Happy Friday all! So it looks like I have a polic...
# fleet
m
Happy Friday all! So it looks like I have a policy that is failing to run properly (it has run correctly in the past). Other queries are running in a timely manner, but this one gets to about a 2% response time (with some results provided) and then just sits there. Eventually I get an error of "Fleet's connection to Redis failed (campaign ID <campaign number>)." Redis is on the same system as Fleet, so I wouldn't expect a connection error. When looking at the error log I see this: Mar 8 182036 fleetdm sh[180502]: {"component":"http","err":"error in query ingestion","ingestion-err":"campaignID=1281 stopped","ip_addr":"<IP>","level":"error","method":"POST","took":"280.78365ms","ts":"2024-03-08T182036.297199505Z","uri":"/api/v1/osquery/distributed/write","x_for_ip_addr":"<IP>, <IP>"} The policy is this: SELECT * FROM registry WHERE path LIKE 'HKEY_LOCAL_MACHINE\SYSTEM\CurrentControlSet\Control\CloudDomainJoin\JoinInfo\%\TenantId' AND data = '<TENANTID>' Version: 4.46.0
d
@Mike S. are other live queries working ok?
m
Hi @Dherder! Yes, so far I don't see issues with other live queries.
d
If you run the query locally with osqueryi, do you get results?
m
I just had someone test it out and it runs properly.
I did some other troubleshooting, so far I haven't had much luck. CPU and RAM utilization doesn't spike or show any indication of the system being taxed. The fleet process doesn't go beyond 7% CPU utilization. mysqld and redis sit at around 2% and .3% utilization, respectively while the query is running. No errors in the redis-server.log file. No errors in the mysql error.log file. I looked at the fleet logs again and did spot some newer errors - not sure if they are related though: Mar 10 020647 fleetdm sh[1170]: {"cron":"vulnerabilities","err":"msrc sync: remove /tmp/vulndbs/fleet_msrc_Windows_10-2024_03_09.json: no such file or directory","level":"error","msg":"updating msrc definitions","ts":"2024-03-10T020647.974147513Z"} Mar 10 044706 fleetdm sh[1170]: {"component":"http","err":"json decoder error","internal":"unexpected EOF","level":"info","path":"/api/v1/osquery/distributed/write","ts":"2024-03-10T044706.942060882Z","uuid":"UUID"} Mar 11 010701 fleetdm sh[1170]: {"cron":"vulnerabilities","err":"msrc sync: remove /tmp/vulndbs/fleet_msrc_Windows_11-2024_03_10.json: no such file or directory","level":"error","msg":"updating msrc definitions","ts":"2024-03-11T010701.468887387Z"} Mar 11 052631 fleetdm sh[1170]: {"component":"http","err":"json decoder error","internal":"EOF","level":"info","path":"/api/v1/osquery/distributed/read","ts":"2024-03-11T052631.912572452Z","uuid":"UUID"} Mar 11 055902 fleetdm sh[1170]: {"component":"http","err":"json decoder error","internal":"unexpected EOF","level":"info","path":"/api/v1/osquery/distributed/write","ts":"2024-03-11T055902.939625879Z","uuid":"UUID"} Mar 11 133250 fleetdm sh[1170]: {"component":"http","err":"json decoder error","internal":"EOF","level":"info","path":"/api/v1/osquery/distributed/read","ts":"2024-03-11T133250.761276112Z","uuid":"UUID"}
d
Since all other queries seem to be working and the sql runs locally, what happens if you re-create the query? Do you simply get no results for all hosts?
m
I deleted and recreated/re-ran the query in Fleet, and it looks like the behavior is the same.

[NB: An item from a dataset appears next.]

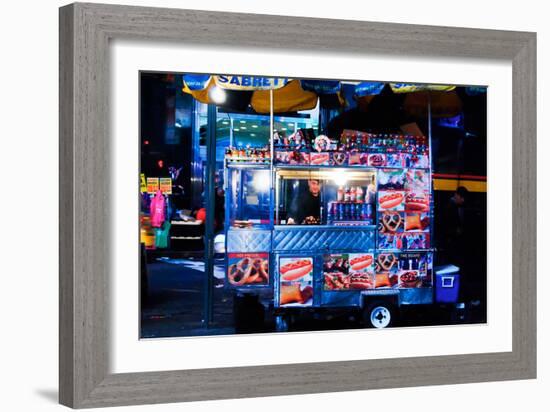 Street Vendor Selling Hot Dogs on Times Square at Night, Manhatt-Sabine Jacobs-Framed Photographic Print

Perhaps I spoke too soon! I ran it again and now it seems to be working properly!
Thanks for your help!
So it looks like I might be back where I started after recreating the query. I checked on the policy and it had only queried around 32 hosts (out of 500+ online Windows hosts). When I ran the query manually it's back to getting a 2% response rate with no errors.

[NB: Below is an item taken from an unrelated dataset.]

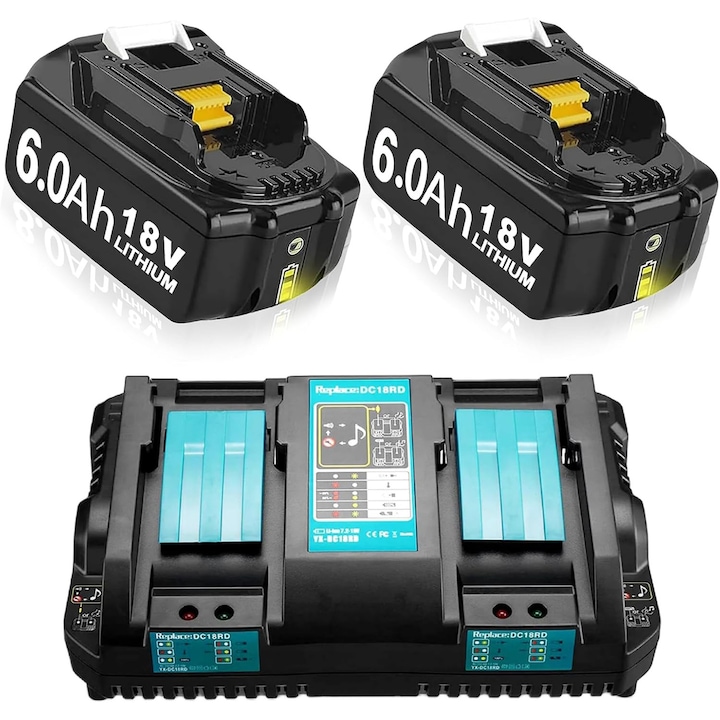 Set 2 Acumulator Li-Ion 18V 6000mAh, cu Incarcator rapid DC18RD, cu doua porturi de incarcare, potrivit pentru bateriile cu litiu-ion Makita de 14, 4V-18V LXT, inclusiv BL1815, BL1820, BL1830, BL1850, BL1860, BL1840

I made a change to the query - Instead of selecting * I changed it to look for the path only. That improved the performance to a 19% response rate.
I'm discovering that this is affecting other queries now, but only those related to Windows hosts. It looks like we're still having issues with Cloudflare blocking/rate limiting these queries, despite putting in bypasses for them.
d
The fact that changing the query by reducing the volume (select path instead of select *) gave more results leads me to believe that some of the hosts have deny listed the query. But if the query ran locally, that is kind of mysterious to me. Do you think you are still seeing Cloudflare blocking occurring? If not, perhaps we could look at a couple of the host osquery logs (from a host where you would expect to see data but are not) to see if there are any errors. Another thing to try would be to schedule the query to run, turn on automations, and see if you get results in osquery_results files, just to rule out anything going weird with redis/live query.
m
So I didn't see any errors in Fleet related to deny listing, where I have for other alerts. I'm looking for some test hosts that are working and not working, and will begin pulling local log data there to see if there is anything to work with there. I'll also give the osquery_results options a shot.
I do still see Cloudflare blocking occurring, but I can't necessarily tie that to this yet. Working on getting CF access so I can do some real-time testing.
I was able to do some testing, and it looks like Windows hosts are still getting blocked due to Command Injection - Common Attack Commands - Do you know if Cloudflare is able to allowlist based on the certificate it presents? I'm thinking that since the certificate the orbit client presents is the same, we could use this to allow traffic and bypass this detection in instances where this certificate is present. I'm looking into this internally as well, just wanted to see if you had any experience with this.
l
Hello @Mike S.! Am working on reproducing this issue: #18110 Any findings on your end? I'm trying to setup a Windows 11 VM connected to Azure AD. Any other information that could help me reproduce?
Do you have logs for the devices that are not responding to this query?
Copy code
C:\Windows\system32\config\systemprofile\AppData\Local\FleetDM\Orbit\Logs\orbit-osquery.log
By searching old threads, it seemed you had a similar issue a year ago around Cloudflare WAF: https://osquery.slack.com/archives/C01DXJL16D8/p1683292947556769?thread_ts=1681501891.903579&amp;cid=C01DXJL16D8 Were you able to update the WAF rules?
m
Hi Lucas - just saw these, thanks for looking into this! Let me put some data together for you.
For the Windows setup: osquery version: 5.11.0 Windows version: We see both Windows 10 and 11 hosts responding. We have ZScaler agents installed on the workstations. From a Fleet perspective: No errors are generating that indicate this query is being denylisted. On hosts that are not responding: I noticed a correlation where vitals are not being retrieved for long periods of time, which could be a sign of a larger issue. On hosts that are responding: Vitals are being fetched on their normal cadences. ZScaler and non-Zscaler IPs are shown responding to the query. For the WAF issue: Yes, we did make some changes from a hardening perspective. We configured the WAF to essentially reflect this - https://fleetdm.com/guides/what-api-endpoints-to-expose-to-the-public-internet and block other traffic. Working on getting the log data, should have that soon.